Riskified Ltd. (“Riskified”), a fraud management platform enabling frictionless eCommerce, today announced the pricing of its initial public offering of 17,500,000 Class A ordinary shares at a public offering price of $21.00 per Class A ordinary share.
The offering consists of 17,300,000 Class A ordinary shares offered by Riskified and 200,000 Class A ordinary shares to be sold by one of Riskified’s existing shareholders. Riskified will not receive any proceeds from the sale of the shares by the selling shareholder. The underwriters will have a 30-day option to purchase up to an additional 2,625,000 Class A ordinary shares from Riskified at the initial public offering price, less underwriting discounts and commissions. The Class A ordinary shares are expected to begin trading on the New York Stock Exchange on July 29, 2021 under the ticker symbol “RSKD”.
The closing of the offering is expected to occur on August 2, 2021 subject to the satisfaction of customary closing conditions.
Goldman Sachs & Co. LLC, J.P. Morgan Securities LLC and Credit Suisse Securities (USA) LLC are acting as lead book-running managers for the offering. Barclays Capital Inc., KeyBanc Capital Markets Inc., Piper Sandler & Co., Truist Securities, Inc. and William Blair & Company, L.L.C. are joint book-running managers for the offering. Loop Capital Markets LLC, Samuel A. Ramirez & Company, Inc., Siebert Williams Shank & Co., LLC and Stern Brothers & Co. are acting as co-managers for the offering.
The offering is being made only by means of a prospectus. A copy of the final prospectus related to the offering may be obtained, when available, from Goldman Sachs & Co. LLC, Attn: Prospectus Department, 200 West Street, New York, New York, 10282, by email at email@example.com, or by telephone at 866-471-2526; J.P. Morgan Securities LLC, Attn: Broadridge Financial Solutions, 1155 Long Island Avenue, Edgewood, New York, 11717, by email at Prospectusfirstname.lastname@example.org, or by telephone at 1-866-803-9204; and Credit Suisse Securities (USA) LLC, Attn: Prospectus Department, One Madison Avenue, New York, New York, 10010, by email at email@example.com, or by telephone at 800-221-1037.

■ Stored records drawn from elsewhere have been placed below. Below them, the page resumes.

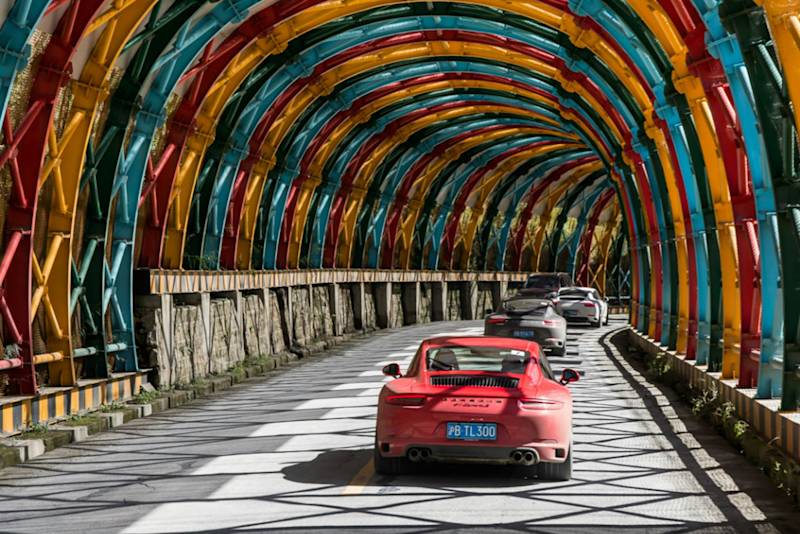 Ein roter Porsche Sportwagen führt eine Reihe durch einen farbenfrohen Metalltunnel, in dem Sonnenlicht gestreifte Schatten wirft.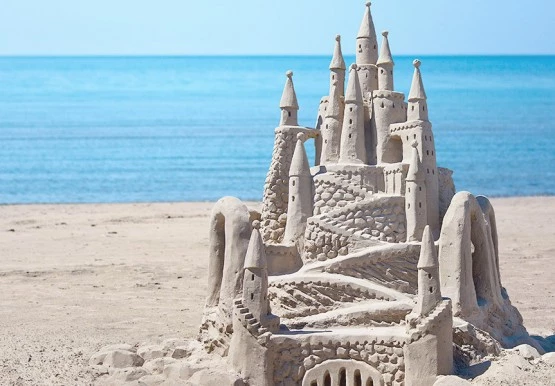 Big & detailed sand castle beside the ocean water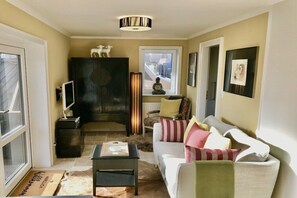 Ein Wohnzimmer mit Sofa, Couchtisch, Kamin und Fenster.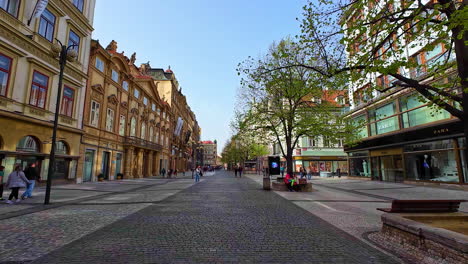 People-walk-at-czech-republic-prague-city-old-houses-cobblestone-path-autumn-day-clear-skyline,-european-travel-destination-town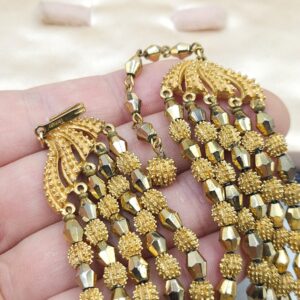 Parure Trifari della serie Electra realizzata nella seconda metà degli anni '50, composta da collana e bracciale, entrambi a cinque fili di pepite di lega Trifanium color oro - VINTAGE AMORE MIO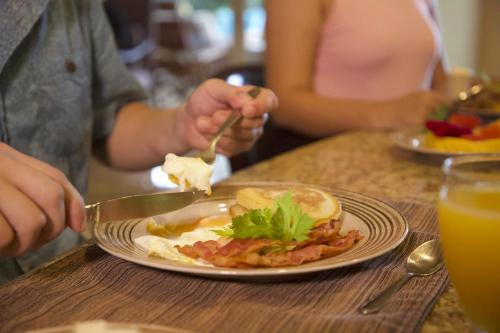 a person eating a plate of food on a table at Veranda 3B 2 bdr Garden View in Los Suenos in Herradura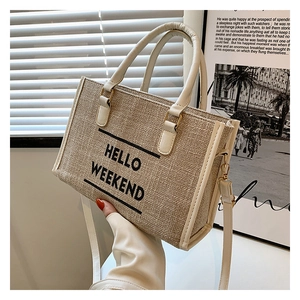 Detail of oat canvas tote bag with HELLO WEEKEND text and cream leather handles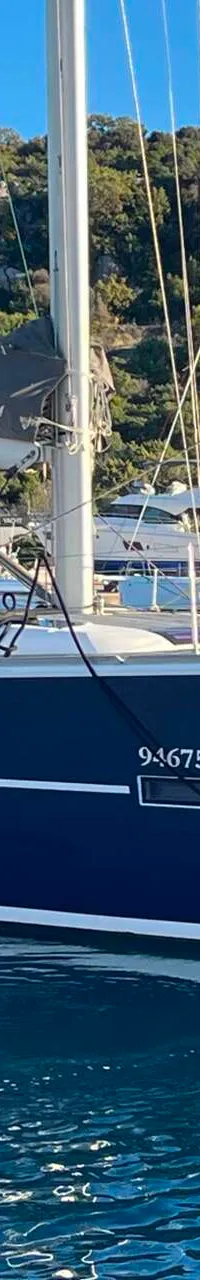 Een donkerblauwe zeilboot met de naam "NOTUS" en registratienummer "94675 RG" ligt in het water. — Dufour 520 Grand Large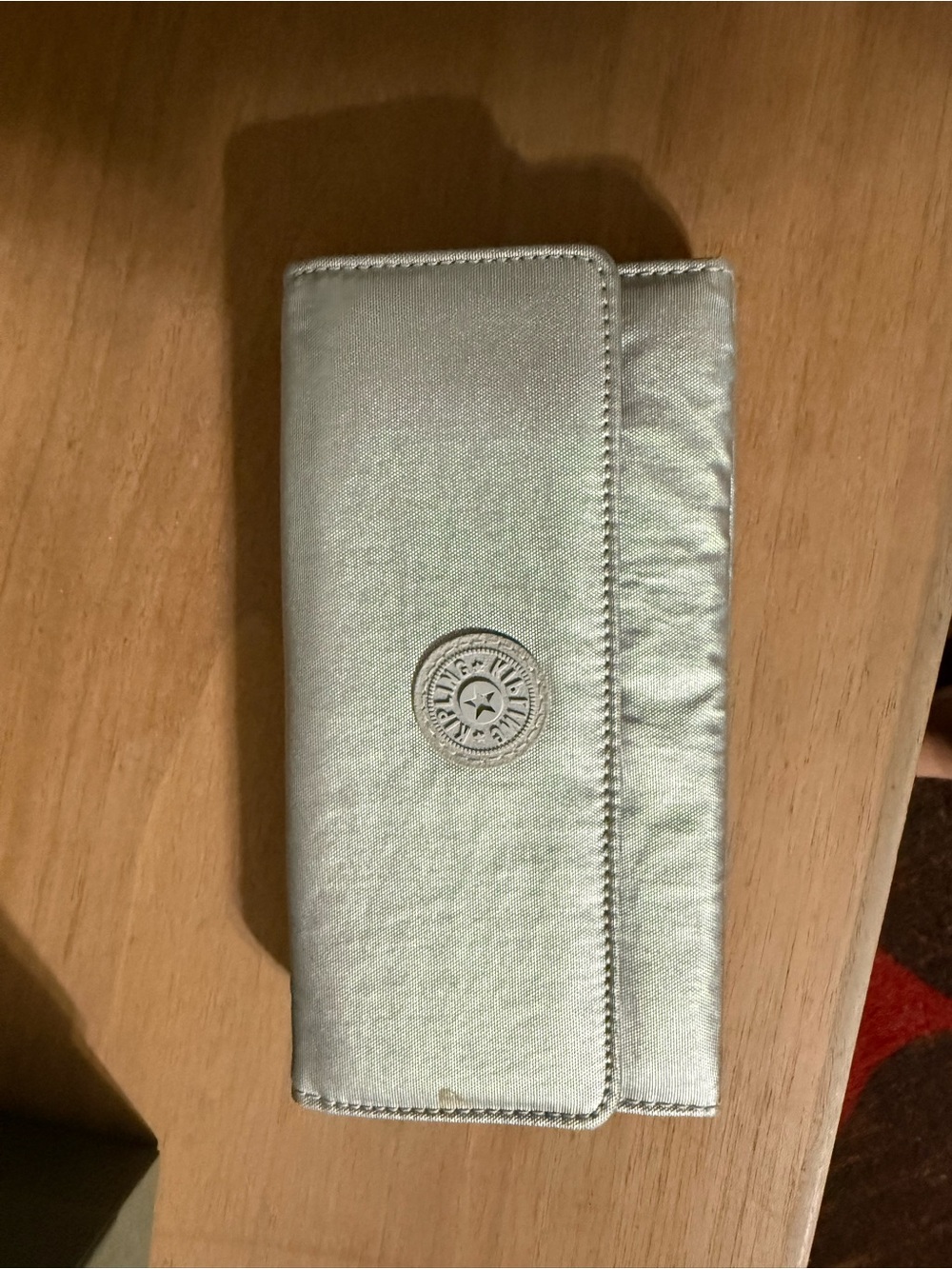 Kipling Metallic Silver Phone Wallet with Logo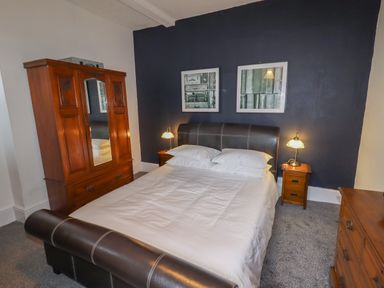 A bedroom with a bed two bedside tables and a wardrobe at The Old Sorting Office in Hawarden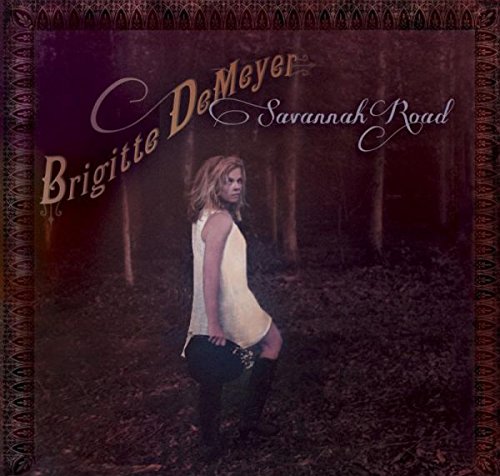 "CD cover featuring a woman in a forest, wearing white top and black pants."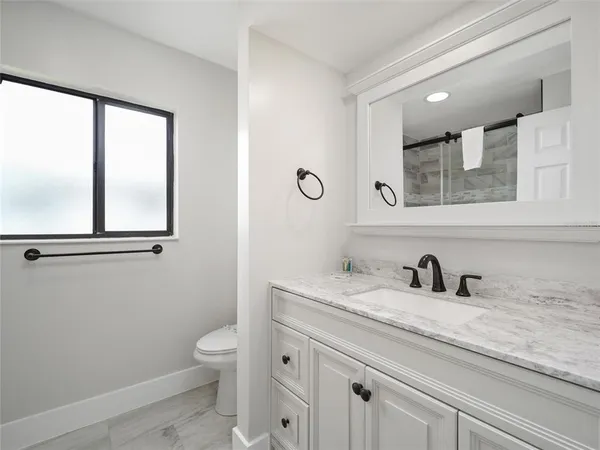 a kitchen with a refrigerator and a stove top oven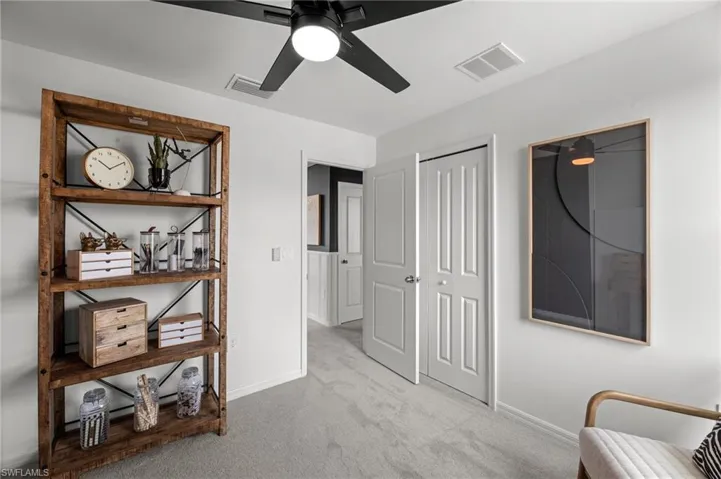 Sitting room with visible vents, carpet floors, baseboards, and ceiling fan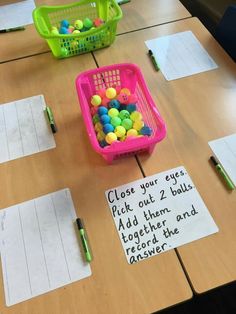 a table with two baskets filled with balls and some writing on the paper that says close your eyes pick out 2 balls add them together and record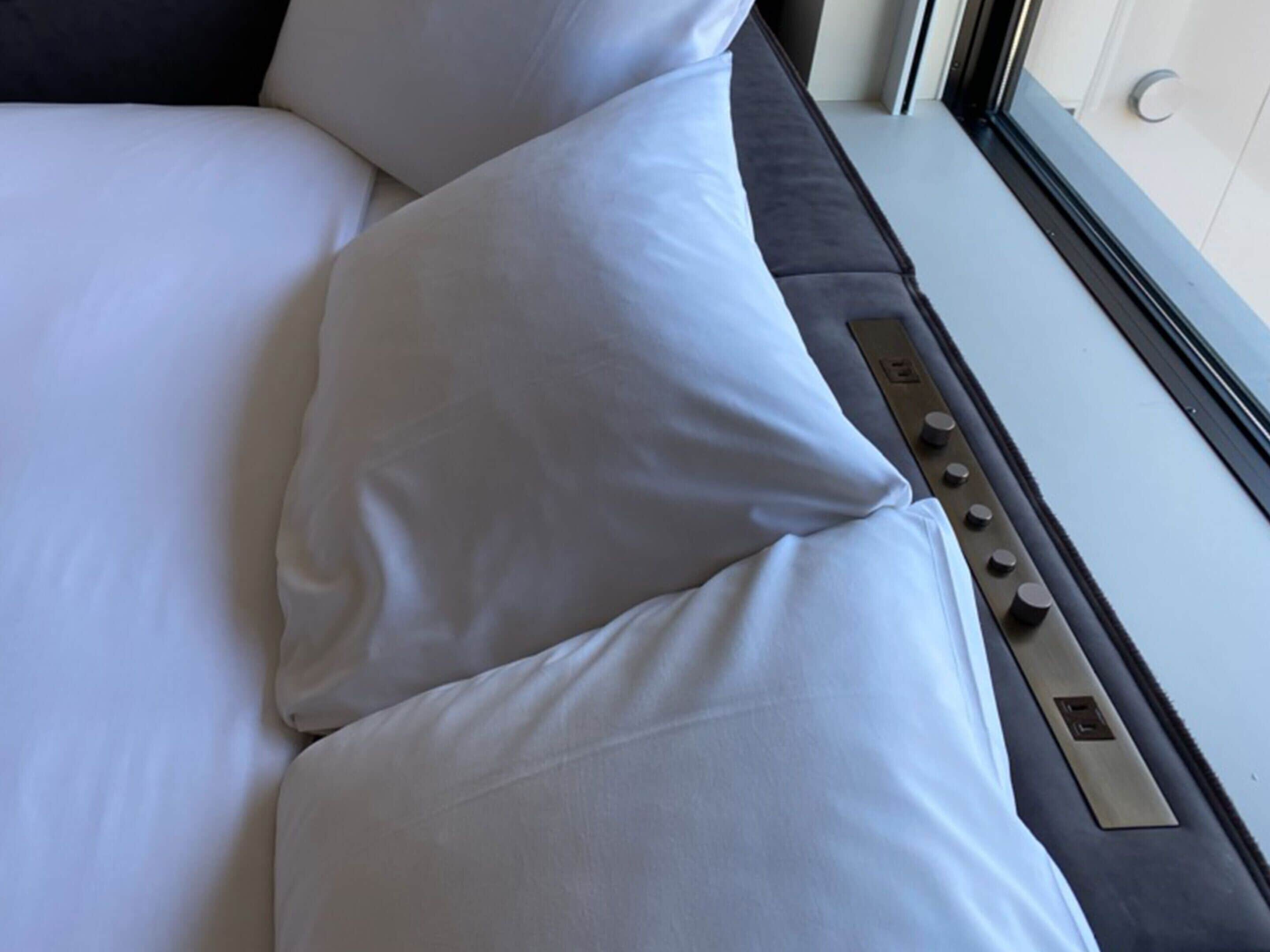 Ein Bett mit weißer Bettwäsche und einer Bedieneinheit an der Seite.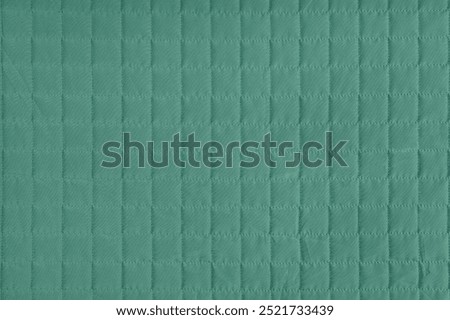 Checkered stitching pattern, green quilted fabric background. Blanket or puffer jacket, stitch square texture close up, macro. Wallpaper, backdrop.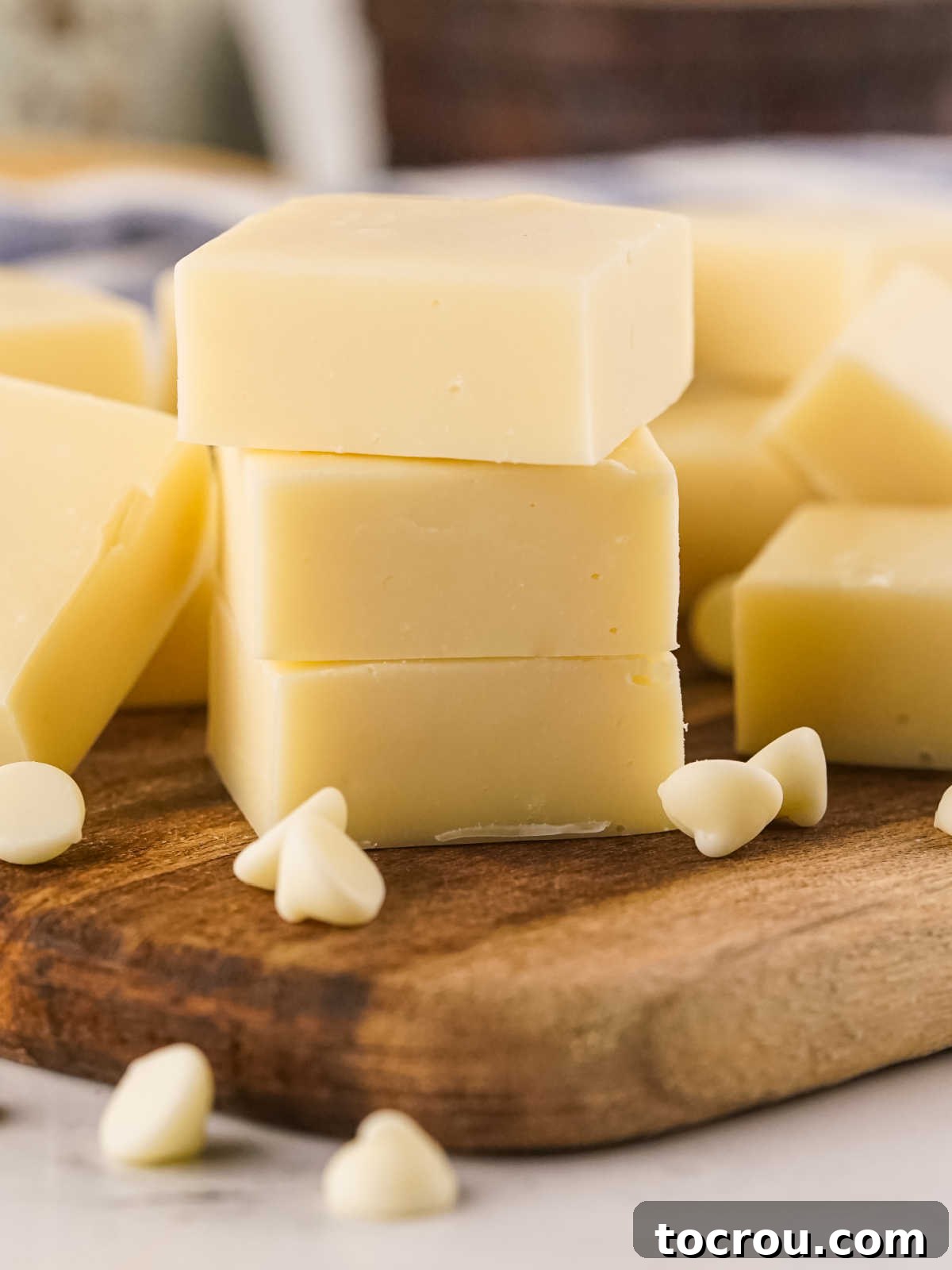 Three perfectly smooth pieces of vanilla fudge are stacked neatly, showcasing their consistent texture and inviting appearance.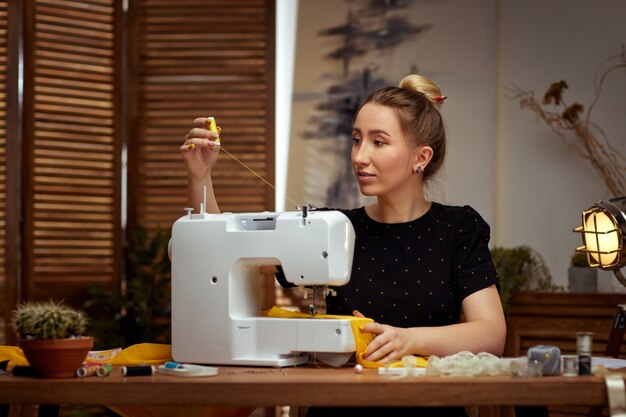 Beautiful young seamstress working on sewing machine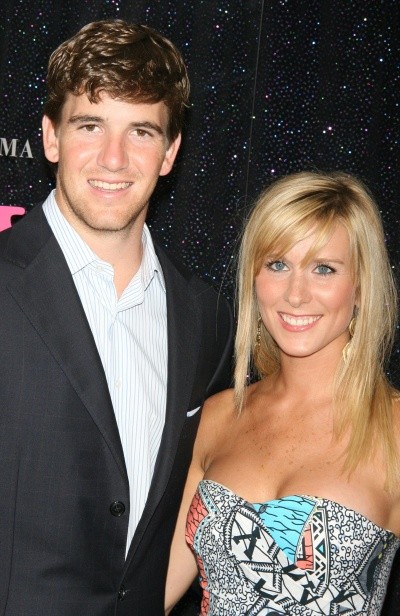 Photo of Eli Manning's wife, Abby, in a party dress with Eli paling by comparison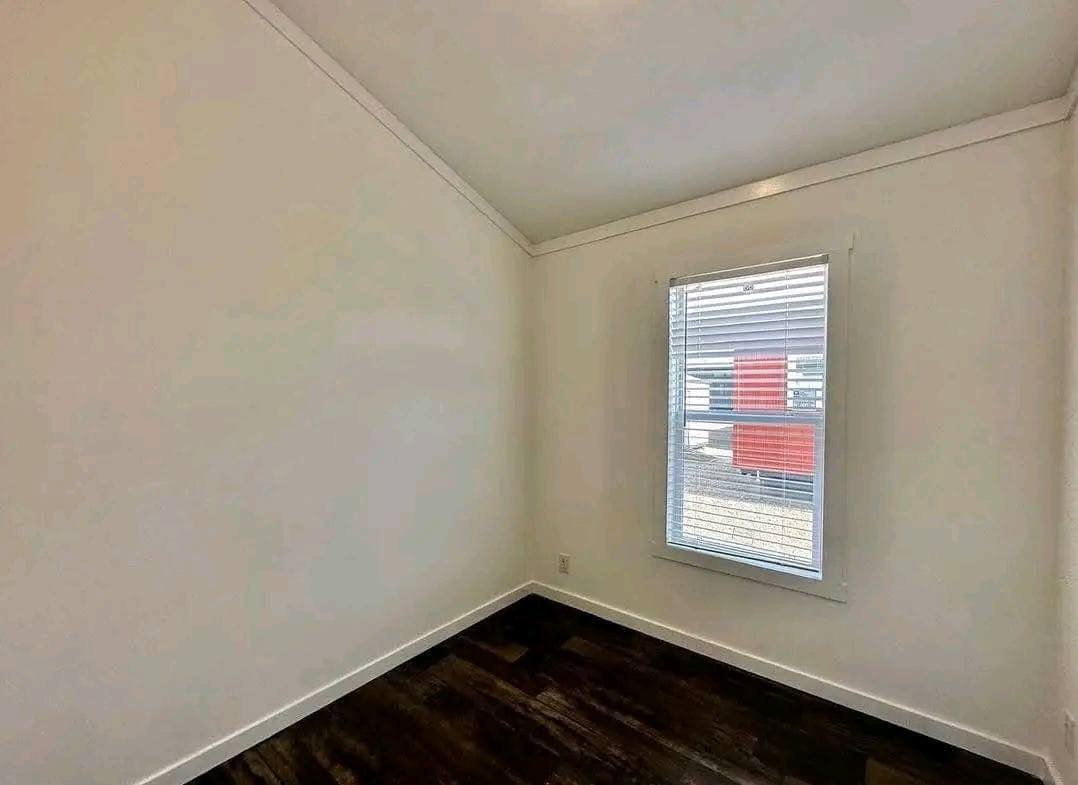 A small, empty room with slanted ceiling, white walls, and dark wooden floor. A window with blinds allows natural light, creating a bright, minimalist atmosphere.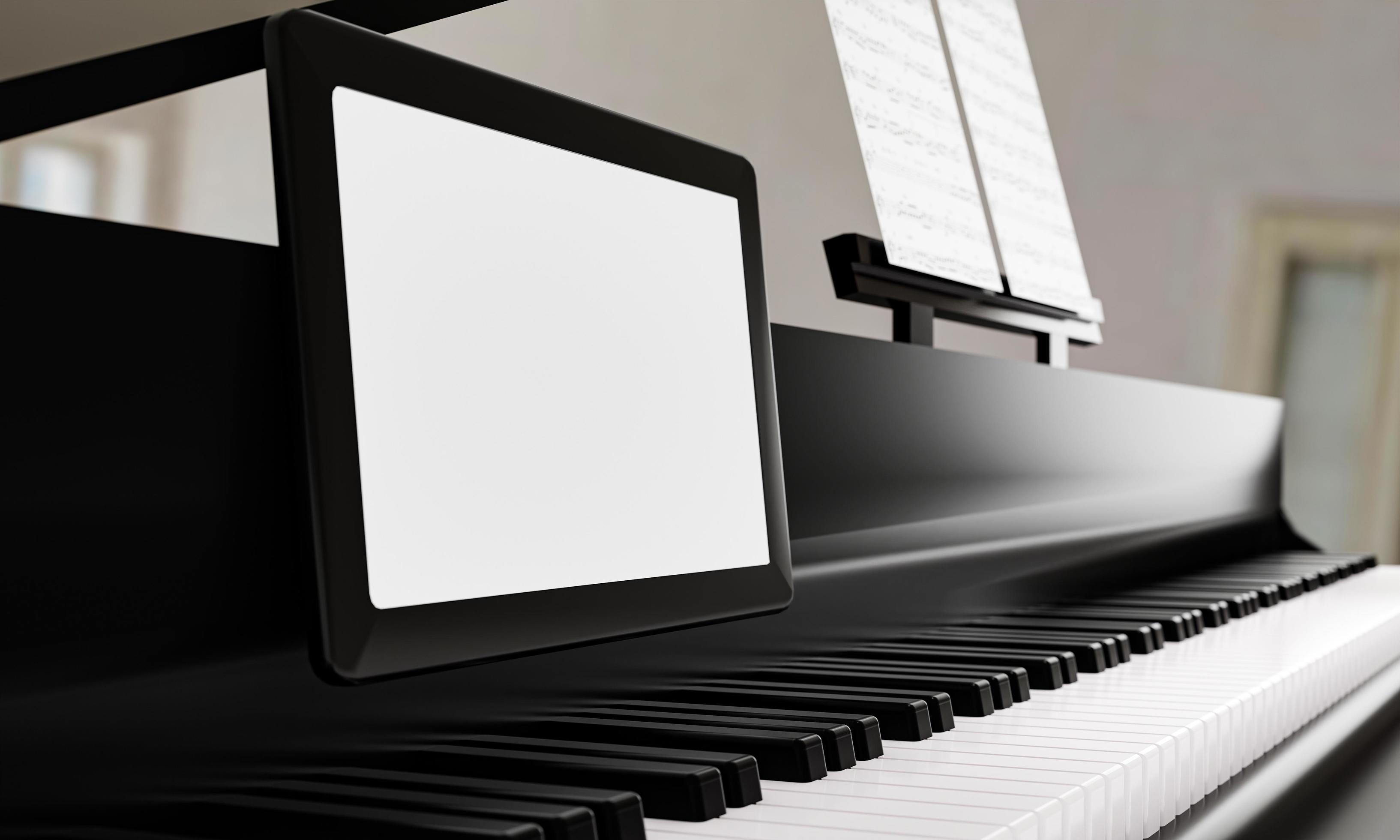 Learn piano online by yourself. Use a tablet or computer to learn piano  tutorials online. The black grand piano has a tablet placed on a notebook  stand. 3D Rendering. 6661781 Stock Photo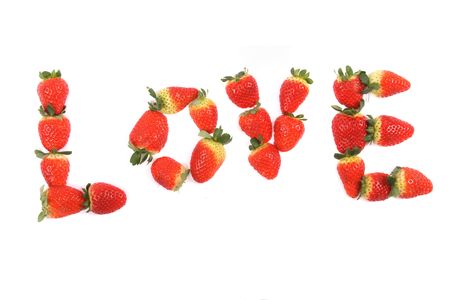 love from the red strawberries on the white backgroundの写真素材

A registration statement on Form F-1 relating to these securities has been filed with, and was declared effective by, the SEC. This press release shall not constitute an offer to sell or the solicitation of an offer to buy these securities, nor shall there be any sale of these securities in any state or jurisdiction in which such offer, solicitation or sale would be unlawful prior to registration or qualification under the securities laws of any such state or jurisdiction.